Wednesday, June 30, 2010

The Big Machine


This morning I went along with one of our boys to get a CT Scan of his facial bones and mandible. He has significant swelling on one side of his face and we are trying to discover how serious the problem is. We went to the government hospital where all the specialist work and where the difficult cases are referred. I should know by now, not to expect a clean, sanitary environment. You know the hospital smell that so many complain about in the US? I would love to smell that instead of urine, sweat, and dirt. We waited for a long time (which must be normal in Drs. offices everywhere!) in the room where you wait for xrays and non-emergency surgeries. I watched one mother send in her obviously ill 20 something son and then sit on the bench and weep. How different these waiting rooms are, in America, they seem to be filled with people who are hopeful. They are sick but sure that the Dr. will make them well; confident in science or technology until they are told with clarity not to hope anymore. This waiting room was not filled with people hoping for a cure or the latest technology to save them. It was filled with people who were suffering but were lucky enough to afford some sort of treatment, even if small.
While we waited I let Swaju draw in my notebook. He would draw a small picture and then look at me with the biggest smile, like he had just been given the opportunity to do something so special. I now have this beautiful page in my notebook full of the names of his friends here at the center; a portrait of me; and many other pictures. He was so proud to show his friends!

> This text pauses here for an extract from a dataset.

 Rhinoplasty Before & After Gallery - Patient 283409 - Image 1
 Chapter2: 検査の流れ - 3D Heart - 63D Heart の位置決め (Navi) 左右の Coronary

We finally got to the room for the scan and poor Swaju was so scared. I went in with him (the room had AC!) to get him settled on the table and then tried to have the radiologist explain to him what would happen. I tried to imagine what this would feel like for a young boy who has never seen or imagined a machine like this. The table moves by pushing buttons and it looks like a huge hole. We left him alone in the room and they went to get the picture. They told him to lay still but he was terrified and as soon as the table started moving and the lights flashing he got up which caused quite a commotion. They opened the door and everyone was yelling at him…the consensus was that Osseh needed to go in with him and hold him down. They got good pictures the second time and then Osseh came out and said that he understood why he was scared. Osseh was amazed at the table that moved around and the flashing lights…he would have run away too!
After the scan was done, the technician asked me 'how far are you willing to go to help this boy'. What a horrible question. How far?!? I wanted to shout, whatever it takes, but I caught myself and remembered that although this man demonstrated compassion and sincere worry for the boy, the question was primarily about money. We don't have a diagnosis yet and admitting that we are working very hard to make sure that he gets the best medical care may have an impact on the price and quality of the care he receives. So, instead of the lecture that I wanted to deliver I said, we can only make these decisions when we have all the information, and so we wait and pray until Friday.
As I sat in the waiting room I watched this quiet, patient boy and I was inspired. He has been in and out of appointments and clinics for the past month and yet he doesn't argue or complain. He simply waits and trusts. Even when the big machine terrified him and he cried, he trusted Osseh and went back and tried again. What a brave and strong little boy. I have often complained that I HATE the dentist, I would rather be anywhere but there…but I am starting to realize how privileged I am to go to the dentist and have my teeth cleaned and have them patiently explain everything that is happening to me and give me drugs to numb the pain. Swaju has been to the dentist and had multiple procedures, I'm sure without much pain medication or explanation, and yet he patiently and quietly waits for whatever happens next. I wish that I was more like Swaju when it came to my relationship with God…I don't wait patiently. I argue and complain, sure that the next step is going to cause too much pain or be uncomfortable. I want to know every detail of what is happening and if I get scared and run once, I am for sure not going to try it again!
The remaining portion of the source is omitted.